Sidewalks of New York
What in the world is the deal with New York movies? I mean, Ed Burns is a decent looking guy and he has the dating resume to prove it, but where the hell does he get this Woody Allen complex and assume that gorgeous women will willingly fling themselves at short, ugly, bald men whose diminutive johnsons are matched only by their incompetence in the sack? Man, too bad I'm not short and bald.
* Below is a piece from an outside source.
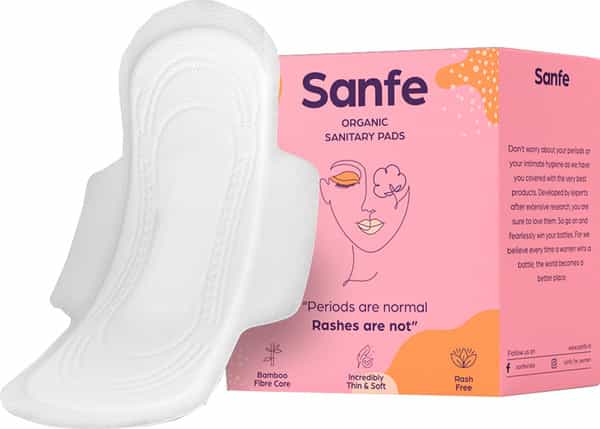 Sanfe Bamboo Sanitary Pads Combo Pack (12 Day Pads + 12 Night Pads)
This is exactly what happens to Griffin (Stanley Tucci), who's a dentist, of all things. He's married to Annie (Heather Graham) and he's screwing Ashley (Brittany Murphy) on the side. In what universe is this kind of horrific copulation happening? Assuming that Annie ever agreed to go out with Griffin in the first place, wouldn't she question a long-term relationship once the bad lovin' and miniscule novelty penis were discovered? Ashley, meanwhile, is sleeping with Griffin despite his being twice her age. He gives her nothing but a bad poke, yet she keeps coming back for more.
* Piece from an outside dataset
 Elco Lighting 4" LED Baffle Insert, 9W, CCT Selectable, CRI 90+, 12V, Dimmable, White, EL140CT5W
What drives this improbable premise becomes clear when you consider that the film is directed by a man, Edward Burns. This film represents not the actual state of women's bad decision-making, but Burns's own low opinion of women. Why else portray them in this purely insulting way? Oh sure, Griffin is a complete cad, but if a woman can't see that the second she meets him, why she deserves whatever she gets.
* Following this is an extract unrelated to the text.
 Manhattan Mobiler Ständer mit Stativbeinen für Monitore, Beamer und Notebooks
This film uses an interviewing style that reminded me of "When Harry Met Sally." In this case, somebody is interviewing the film's characters and asking them about their sex lives. I suppose this is Burns's idea of innovative filmmaking, but it's really his way of passing the time as he cranks out yet another movie that just sort of goes in circles. Along the way we also meet Tommy (Edward Burns), Maria (Rosario Dawson) and Ben (David Krumholtz), who is trying to date Ashley. Ben is yet another painfully dopey young man that Ashley nonetheless finds attractive enough to sleep with.
As far as Burns is concerned, if you throw a smelly, homeless man with no teeth in front of a woman, she's likely to pounce on his greasy gonads. Dangle a moldy dildo on a string in front of a woman, and she will sleep with that. Maybe Burns should do a film where he sleeps with some really ugly women because he just can't get a beautiful woman to date him. Nah, guys apparently never have that problem.